Healthy Skepticism Library item: 14076
Warning: This library includes all items relevant to health product marketing that we are aware of regardless of quality. Often we do not agree with all or part of the contents.
 
Publication type: news
US Congress slams FDA for off-label promotion control failures
Pharma Times 2008 Aug 3
http://www.pharmatimes.com/WorldNews/article.aspx?id=14054&src=EWorldNews
Full text:
The US Food and Drug Administration has been rapped by Congressional watchdog the Government Accountability Office (GAO) for failing to track the promotional materials which it is responsible for reviewing to ensure that they do not promote off-label uses of prescription medicines.
Sheer volume prevents the FDA from reviewing all the promotional materials which are submitted to it by drug companies, so it prioritises its reviews in order to examine those with the greatest potential impact on human health, the agency has told the GAO. However, the Office has concluded that the FDA does not prioritize its reviews in a systematic manner but, instead, relies on its staff to sort through large volumes of material and select submissions for review.
The GAO’s criticisms come in the final report of its investigation, conducted at the request of Republican Senator Chuck Grassley, into how the FDA tackles the promotion of off-label uses of prescription drugs. The investigation has also found that the FDA has no system to enable it to track consistently the receipt and review of materials submitted to it by drugmakers, and the GAO points out that, while it called on the agency back in 2006 to address these shortcomings, it has still not done so.
Moreover, says the GAO, monitoring and surveillance activities undertaken by the FDA to identify violations that cannot be identified through these reviews – such as discussions between doctors and sales representatives – are limited because the agency cannot observe all off-label promotion activities. These can take many forms and occur in a “myriad of places,” it says.
US doctors can prescribe drugs for off-label indications, but it is illegal for drug companies to promote such uses, and the FDA is empowered to tackle violations through regulatory actions or enforcement action with the Department of Justice (DoJ). The GAO report finds that, during 2003-7, the FDA issued 42 regulatory letters requesting drug companies to stop disseminating materials which were found to promote off-label use, but the agency took an average of seven months to issue these letters from the time it first drafted them.

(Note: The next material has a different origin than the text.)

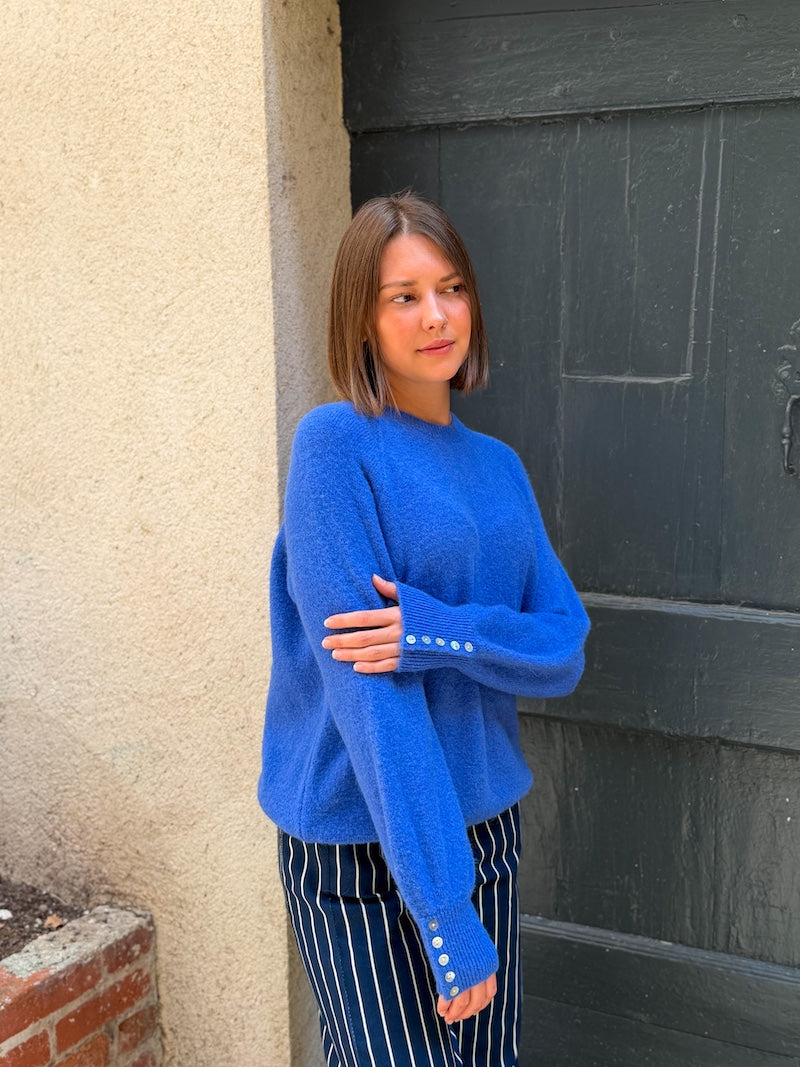 pull col rond en laine bleu tendance pour femme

In addition, drug companies cited for more serious violations took an average of four months to take the corrective actions requested, it says.

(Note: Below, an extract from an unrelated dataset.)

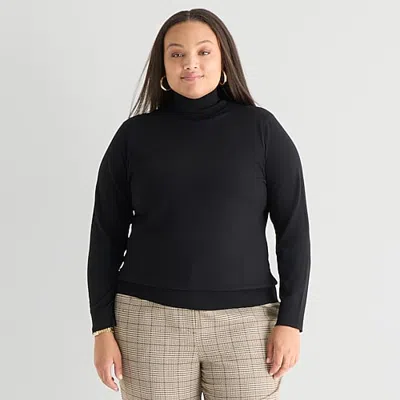 Worthington Plus Womens Turtleneck Long Sleeve Pullover Sweater In Black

Moreover, while the FDA did not refer any of these violations to the DoJ for enforcement during 2003-7, the Department settled 11 cases, both civil and criminal, involving off-label promotion which were identified by sources other than the FDA, it says.
Before it published its report, the GAO sent a draft of its findings to the Department of Health and Human Services (HHS), which responded that that a tracking system would not improve the agency’s ability to identify promotional violations. “We disagree,” said the Office: “we continue to believe that a tracking system would help ensure that staff systematically prioritize all materials and would provide key information for managing the programme.”
“We found that FDA does not screen all of the tens of thousands of final promotional materials it receives per year to determine which ones need to be reviewed. Without a systematic application of FDA’s criteria to every submission, the agency cannot be certain that it is reviewing the highest-priority materials submitted or that violative materials are not being circulated,” concluded the GAO.
Local reports quote Sen Grassley as commenting that the Office’s findings show the FDA is failing to keep track of how drugs are marketed for off-label use, even though such marketing is illegal and it is the agency’s job to enforce that law. “As a result, drugmakers aren’t being held accountable for promoting unapproved use of medicine and patient safety is diminished,” he added.